■ **Problem to solve**
The answer must consist solely of the lines below starting at the one containing "Local Comercial Con" and ending at the one containing "Winter - Rubaaiyat", repeated exactly, with both ends included and all pictures omitted.

** Opening Material for this task block **

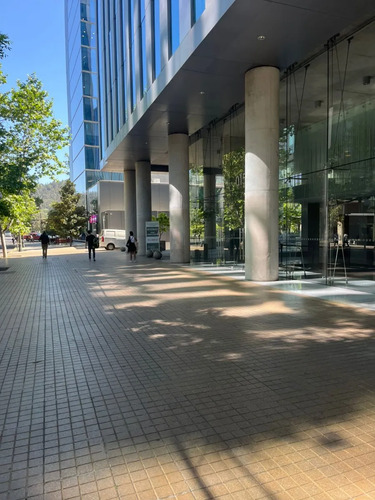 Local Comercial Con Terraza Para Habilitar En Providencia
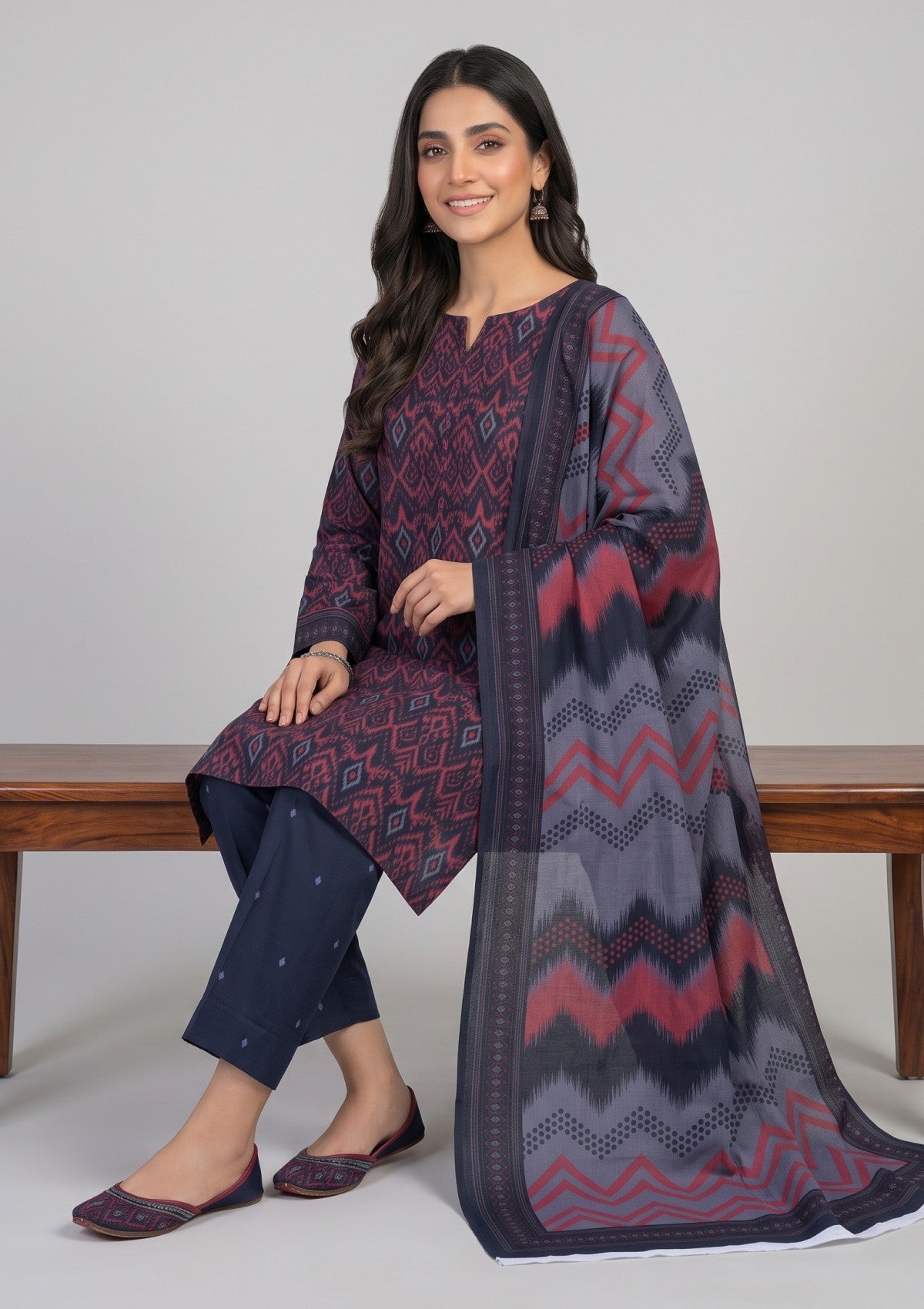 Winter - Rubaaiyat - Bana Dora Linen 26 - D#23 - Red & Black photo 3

** Closing Material for this task block **
** Opening Material for this task block **

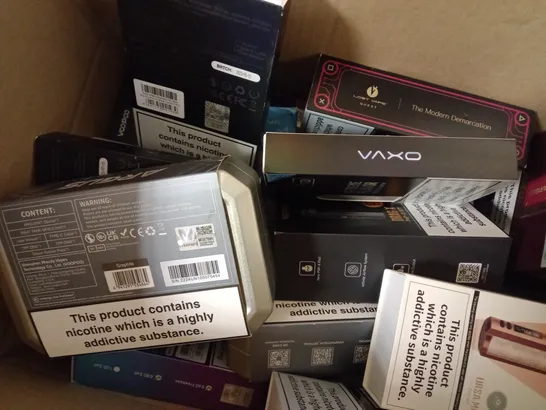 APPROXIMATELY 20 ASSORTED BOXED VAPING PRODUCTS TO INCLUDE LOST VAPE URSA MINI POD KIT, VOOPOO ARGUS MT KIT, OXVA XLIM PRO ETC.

** Closing Material for this task block **

■ **Answer to this exercise**
 Local Comercial Con Terraza Para Habilitar En Providencia
 Winter - Rubaaiyat - Bana Dora Linen 26 - D#23 - Red & Black photo 3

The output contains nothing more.